Num parecer sobre as contas do governo Bolsonaro no exercício de 2021, auditores do Tribunal de Contas da União argumentam também que a falta de critério viola normas constitucionais que dispõem sobre a aplicação de recursos destinados à saúde e à assistência social.

As emendas do relator se apropriaram de uma fatia crescente dos escassos recursos disponíveis no Orçamento para obras e outros investimentos, e a discricionariedade adquirida pelo Congresso no manejo das verbas é outra questão que deve ser debatida no julgamento.

O projeto de lei enviado por Bolsonaro com sua proposta para o Orçamento de 2023, ainda em discussão, reserva R$ 19,4 bilhões para emendas individuais e de bancadas estaduais, cuja execução é obrigatória, e separa outros R$ 19,4 bilhões para as emendas do relator.

Com o mecanismo existente hoje, o relator do Orçamento continua trabalhando depois que a lei orçamentária é sancionada pelo presidente da República, interferindo o ano inteiro na execução das despesas ao definir onde os recursos reservados por suas emendas serão gastos.

Diferentemente do que acontece com emendas individuais e de bancada, o governo pode segurar a liberação das verbas das emendas do relator, usando os recursos como moeda de troca em negociações com os aliados, mas quem define o destino dos valores é o Legislativo.

Para especialistas como Fernando Moutinho, da Consultoria Legislativa do Senado, o Congresso está usurpando uma prerrogativa do Executivo ao interferir dessa maneira na execução das despesas, violando outro princípio constitucional, o da separação dos Poderes.

Em 2021, Rosa Weber mandou suspender a execução das emendas do relator até que suas exigências de transparência fossem atendidas, mas logo voltou a liberar os recursos, cedendo aos argumentos do Congresso antes mesmo do cumprimento das medidas que determinou.

O recuo deu ao Congresso tempo para reformular as normas internas que disciplinam as emendas, impondo algum limite à sua expansão, mas esfriou o entusiasmo dos que apostavam nas ações movidas no STF como um meio para promover mudanças mais drásticas no mecanismo.

O presidente eleito, Luiz Inácio Lula da Silva (PT), que na campanha eleitoral falava em acabar com o sistema, agora está em busca de uma acomodação com o centrão, com quem sua equipe de transição negocia espaço no Orçamento do próximo ano para programas sociais e outros gastos.

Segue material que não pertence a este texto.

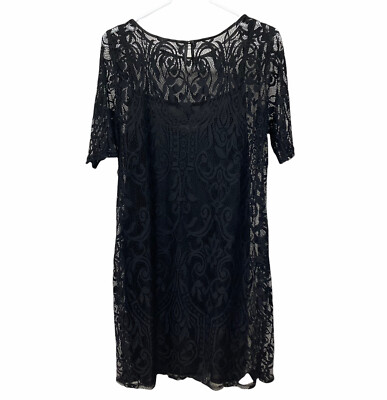 Motherhood Maternity Dress black lace overlay black slip style dress Size M  | eBay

"Eu sempre fui favorável que o deputado tenha emenda", disse Lula na sexta (2). "É importante que ela não seja secreta, e é importante que a emenda seja dentro da programação de necessidade do governo, e que essa emenda seja liberada de acordo com os interesses do governo."

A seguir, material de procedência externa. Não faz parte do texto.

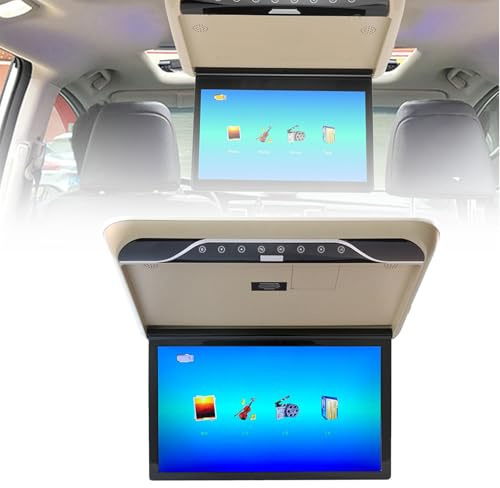 Monitor Da Tetto Per Auto Da 19 – Schermo IPS, Illuminazione Ambientale A Gradiente Regolabile A 16 Colori, Supporta Ingressi USB/TF/HDMI, Radio FM, | Monitor Con Lettore DVD,Beige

A aproximação de Lula com o centrão tende a inibir os ministros do Supremo que defendem mudanças na regulação das emendas do relator, além da exigência de maior transparência. "O tribunal não vai comprar sozinho uma briga como essa", afirma a procuradora Graziane.

Há também entre os especialistas dúvidas sobre a eficácia que uma intervenção mais ampla do STF teria. "O Congresso se fortaleceu muito e deverá reagir a qualquer decisão do tribunal", diz Hélio Tollini, da Consultoria de Orçamento da Câmara dos Deputados, crítico das emendas.